Since its establishment in 1990, China's stock market has undergone rapid evolution in terms of market size and participant structure. By 2023, individual investors accounted for over 30% of the A-share market, which has grown rapidly and played a pivotal role in financing China's economy, becoming an important part of the global capital market [1]. The Chinese stock market has undergone decades of development and has grown into one of the world's leading securities markets in terms of scale. The current market size is huge, and the number of listed companies continues to grow. The comprehensive implementation of the registration system reform has further enhanced market inclusiveness. With the deepening of interconnectivity mechanisms such as the Shanghai Hong Kong Stock Connect and the Shenzhen Hong Kong Stock Connect, the participation of international capital has gradually increased, but foreign investment still plays a supplementary role in the overall shareholding structure. The structure of market investors presents distinct characteristics, with individual investors having significantly higher trading activity than mature markets. Value investing culture has not yet become mainstream, which has led to multiple irrational behaviors. Firstly, the phenomenon of emotional trading is prominent, and following the trend leads to long-term high market volatility, with the overall market index often experiencing significant fluctuations; Secondly, there is a strong speculative atmosphere in the subject matter, and emerging concepts are prone to triggering capital speculation, with some stock valuations deviating significantly from fundamentals; Once again, the market is sensitive to policy signals, and major news often triggers extreme market conditions where funds concentrate or withdraw; Finally, the volatility of leveraged funds has a significant effect on market growth and decline, and although the scale of financing transactions is within a controllable range, it is still an important channel for risk transmission. These phenomena reflect that the market is still in the stage of "emerging to mature", and it is necessary to promote the construction of a rational investment ecosystem through improving systems and optimizing structures.
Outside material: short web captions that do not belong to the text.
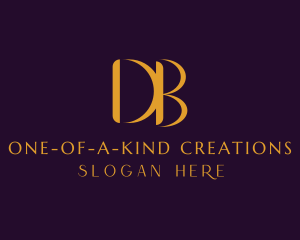 Premium Luxury Letter DB Company logo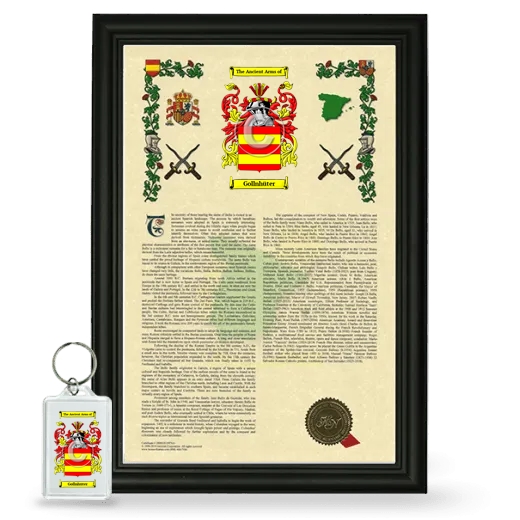 Gollnhüter Framed Armorial History and Keychain - Black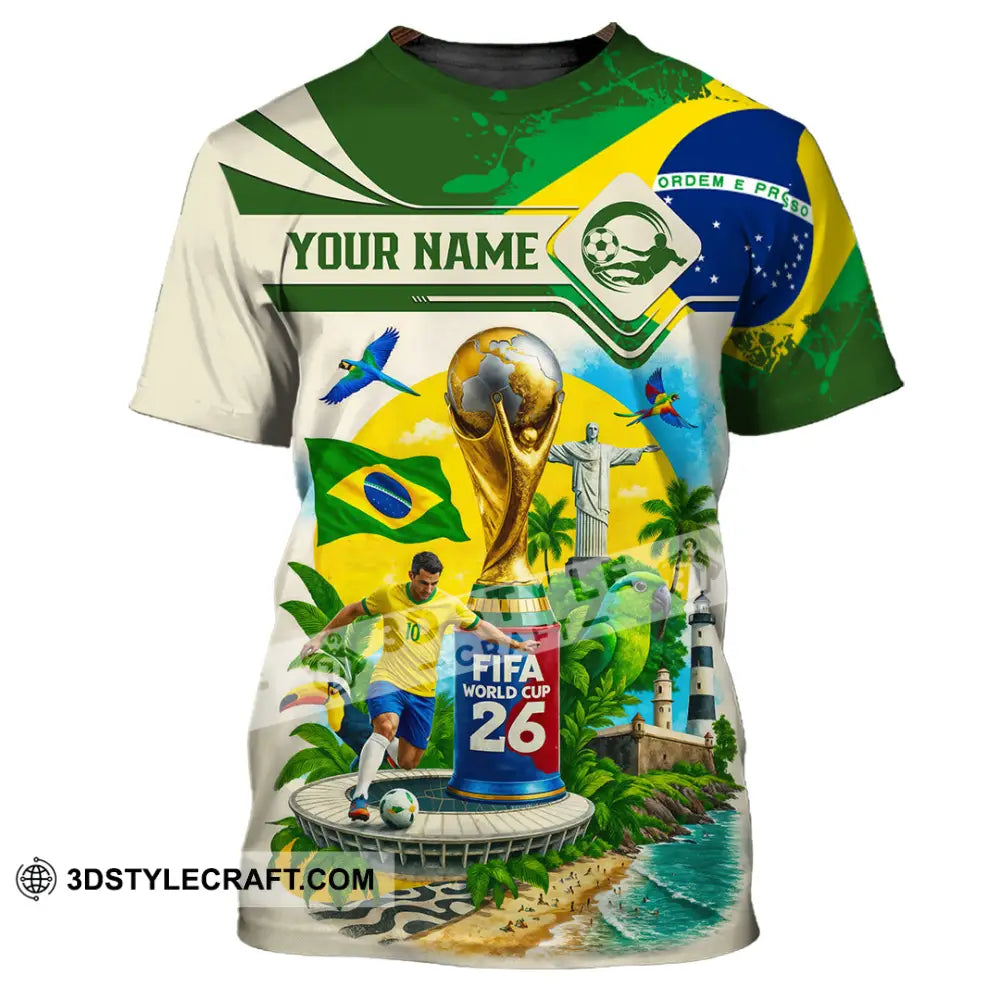 Unisex Shirt - Custom Brazil Fifa World Cup 2026 3D Shirt T-Shirt / S T-shirt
However, the maturity of China's stock market lags far behind that of developed Western countries, and its lack of standardization in market size and regulation has led to irrational behaviors that profoundly impact market pricing mechanisms. Traditional finance, based on the rational investor hypothesis, posits that the size effect merely reflects risk premiums. However, the low efficiency of China's stock market suggests that behavioral factors cannot be ignored [2, 3]. This paper first analyzes the research development of the size effect in China, then examines the influence of various behavioral factors on the size effect in the context of China's stock market. From a behavioral finance perspective, it systematically explores the driving mechanisms of the size effect in China's stock market, providing references for theoretical refinement and practical applications. Finally, it proposes strategies to offer practical guidance.

2. Literature review

Behavioral finance, by integrating psychology and behavioral economics theories, reveals the relationship between cognitive biases and market anomalies. For example, Kahneman and Tversky's prospect theory indicates that investors' asymmetric perceptions of losses and gains lead to deviations from rational decision-making [4]. In the context of China's stock market, Zhu Weihua and Zhang Zongxin found that speculative behavior by retail investors exacerbates stock price volatility, amplifying the size effect [5].
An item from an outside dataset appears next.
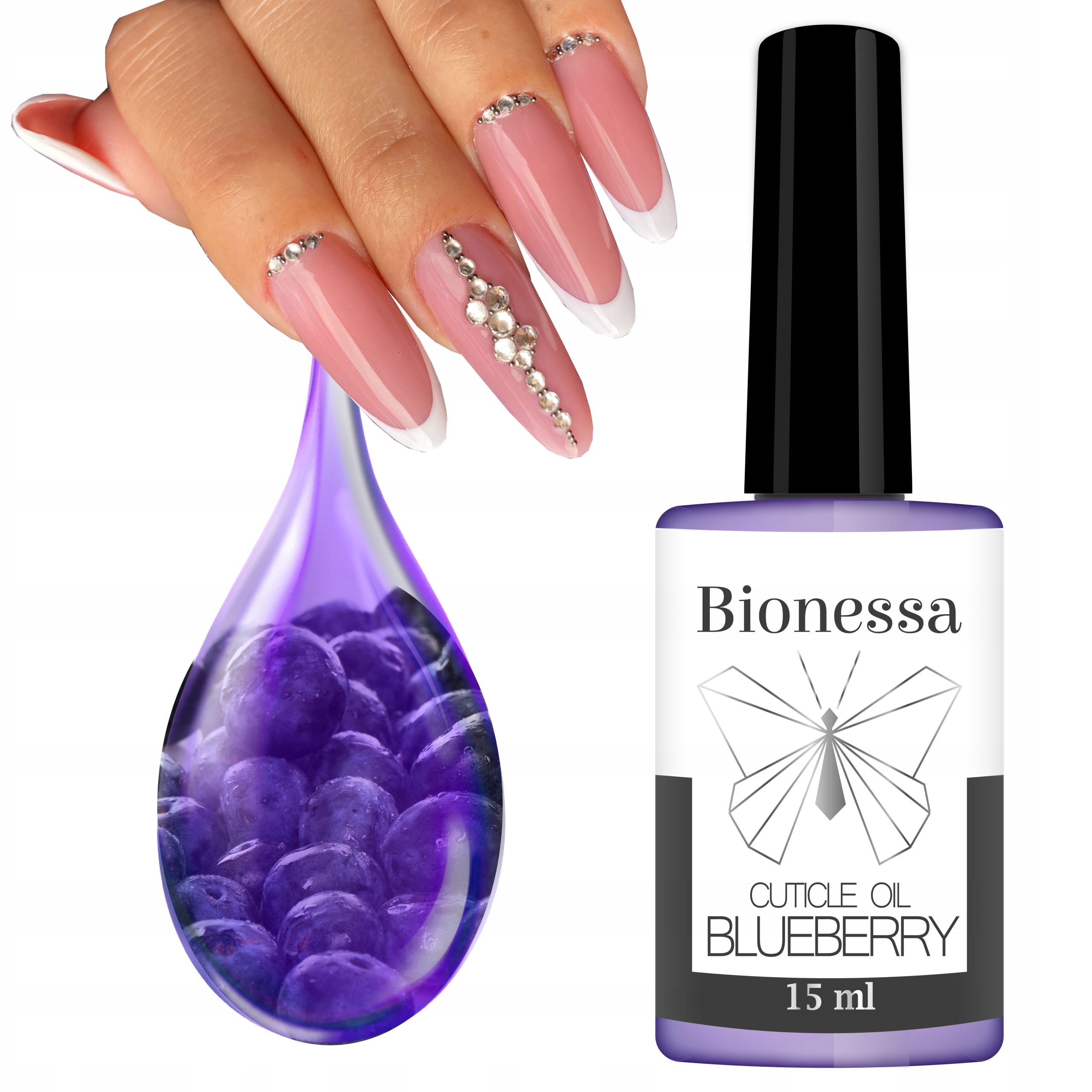 OLIWKA do SKÓREK i PAZNOKCI 15ml z pędzelkiem PIELĘGNACYJNA z WITAMINAMI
Current mainstream research focuses on uncovering the causes of the size effect and its manifestations under different market conditions. Studies on the causes of the size effect have achieved some results, primarily divided into two directions. The first is the risk compensation theory, which posits that small-cap companies face higher operational and financial risks, requiring investors to demand higher returns as compensation. The second is the investor behavior theory, which suggests that institutional investors prefer large-cap stocks, while small-cap stocks, due to lack of attention and a smaller investor base, need to offer higher expected returns to attract investors. Additionally, small-cap companies often have less information disclosure and lower analyst coverage, making them prone to market undervaluation and resulting in a size premium [6].
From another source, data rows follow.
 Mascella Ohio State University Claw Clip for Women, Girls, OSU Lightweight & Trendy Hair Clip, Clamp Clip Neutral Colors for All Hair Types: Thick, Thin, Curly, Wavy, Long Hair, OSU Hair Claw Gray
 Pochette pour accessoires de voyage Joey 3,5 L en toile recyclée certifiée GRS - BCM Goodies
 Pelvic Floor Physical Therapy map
Existing research predominantly uses methods such as weak-form, semi-strong-form, or strong-form efficiency tests to validate market efficiency or employs indirect measures like the number of listed companies, market capitalization, stock market size, financing costs, and market anomalies as proxies for market efficiency. However, studies on the role of retail investors remain limited. Therefore, this paper seeks appropriate quantitative methods for market efficiency to refine existing research on market efficiency and its influencing factors.

3. Analysis of China's stock market from a behavioral finance perspective

3.1. Limited attention of investors

In China's stock market, the large number of investors and complex information environment mean that large-cap companies, due to their high visibility and media exposure, attract more investor attention. In contrast, small-cap companies, with lower media exposure, are often undervalued. Hirshleifer and Teoh noted that limited attention leads investors to overlook less popular stocks [7]. For example, startups on the STAR Market initially had lower stock prices than their intrinsic value due to insufficient information disclosure. However, subsequent policy incentives attracted capital inflows, resulting in excess returns [8]. When some investors begin to focus on small-cap companies, it triggers capital inflows, driving up stock prices and creating a premium for small-cap stocks. For instance, in 2017, blue-chip stocks like Kweichow Moutai attracted significant capital, causing substantial price fluctuations and overall market volatility. This demonstrates how limited attention influences market volatility and investor behavior. Extreme fluctuations can push the market toward two extremes, as seen during the 2015 stock market bubble when investor focus on profit-driven speculation led to rapid market surges, followed by panic-driven crashes after the bubble burst.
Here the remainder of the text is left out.